A questão relevante a ser respondida é saber se diante das atuais tensões entre os Poderes, da expansão dos limites da jurisdição constitucional e da crescente judicialização da política: a OAB está cumprindo seu papel institucional e social?
Pois bem, a Constituição Federal de 1988 não atribuiu à OAB apenas a função de fiscalizar a atividade advocatícia. Foi além. Em seu art. 133, o texto constitucional afirma de forma categórica que “O advogado é indispensável à administração da justiça, sendo inviolável por seus atos e manifestações no exercício da profissão.”
Esta afirmação carrega um peso institucional: o advogado não representa apenas interesses individuais, mas é peça fundamental para a preservação do devido processo legal, da ampla defesa, e, por consequência, dos direitos e garantias fundamentais previstos no Título II da Constituição.

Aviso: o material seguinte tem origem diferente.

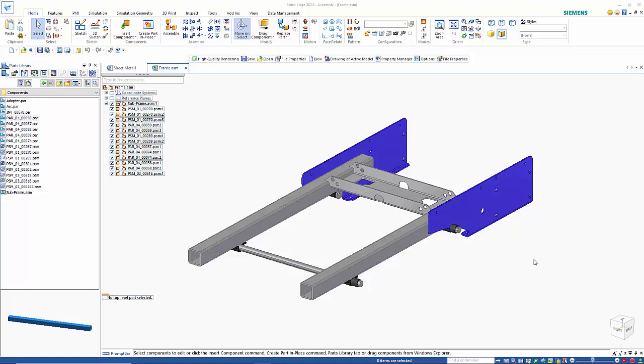CAD Direct was introduced with Solid Edge 2022 and allows you to add components of different types from different CAD programs into your assembly. These files are maintained elsewhere, so ideally you don't have to translate them, and whenever you get an update they can be updated automatically.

Mais do que isso, o Estatuto da Advocacia e da OAB, estabelece como finalidade da Ordem “defender a Constituição, a ordem jurídica do Estado democrático de direito, os direitos humanos, a justiça social, e pugnar pela boa aplicação das leis, pela rápida administração da justiça e pelo aperfeiçoamento da cultura e das instituições jurídicas.”

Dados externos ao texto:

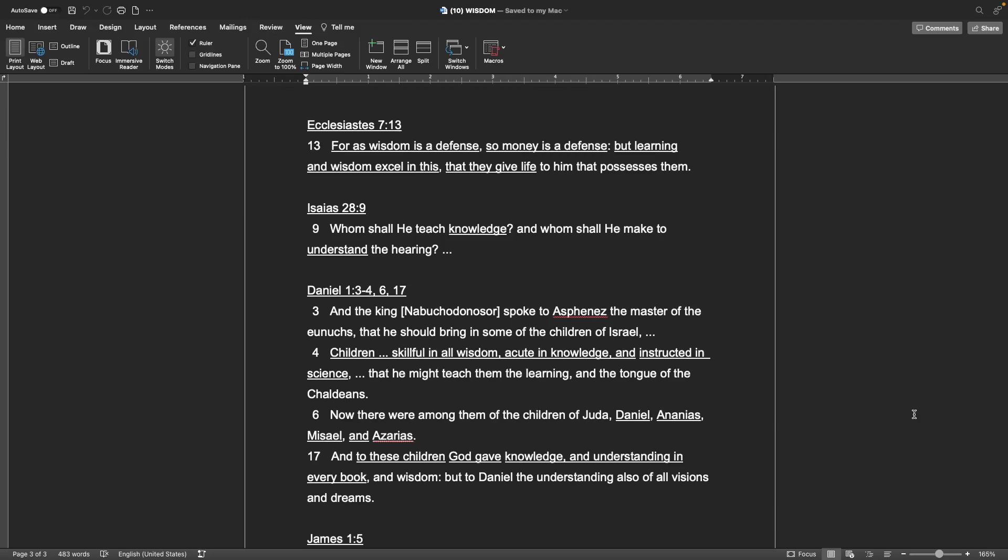The book of Isaiah, chapter 28, verse 9 Whom shall he teach knowledge, and whom shall he make to understand the hearing?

Não se trata, portanto, de uma faculdade, mas de uma obrigação institucional da OAB diante de ataques a direitos civis, sociais e à legalidade democrática.
Contudo, à luz do momento atual, observa-se um crescente debate sobre o chamado ativismo judicial – quando juízes e tribunais, especialmente o Supremo Tribunal Federal, extrapolam seu papel técnico-interpretativo e passam a atuar como protagonistas políticos. Em um cenário em que liberdades individuais são relativizadas por decisões monocráticas e o princípio da legalidade é substituído por interpretações discricionárias, a OAB, que deveria ser uma voz firme na defesa dos direitos constitucionais, silencia ou se omite.
Em casos recentes envolvendo quebra de sigilos sem devido processo legal, prisões cautelares sem fundamentação concreta, e até restrições a liberdades de expressão e imprensa, a OAB tem adotado uma postura tímida, quando não ausente. Essa omissão tem causado incômodo dentro da própria advocacia e entre setores da sociedade civil que esperam uma atuação altiva, isenta de pressões políticas.
Assim, do ponto de vista normativo, o papel da OAB é claro e inarredável: defender os pilares do Estado de Direito, os direitos humanos, e garantir que nenhuma autoridade esteja acima da Constituição. No entanto, do ponto de vista fático, é legítimo afirmar que a OAB tem falhado parcialmente em cumprir este papel diante do atual cenário político-jurídico brasileiro.
A falta de uma atuação mais incisiva frente a decisões judiciais de duvidosa legalidade, somada ao distanciamento em pautas essenciais da democracia, expõe a entidade ao risco de perder sua credibilidade histórica e se transformar em uma instituição coadjuvante, quando deveria ser protagonista na defesa das liberdades públicas.
O momento exige coragem institucional. A história já demonstrou que o silêncio das instituições pode custar caro à democracia. Que a OAB possa reencontrar o seu papel constitucional, com a independência, altivez e compromisso que a sociedade espera dela.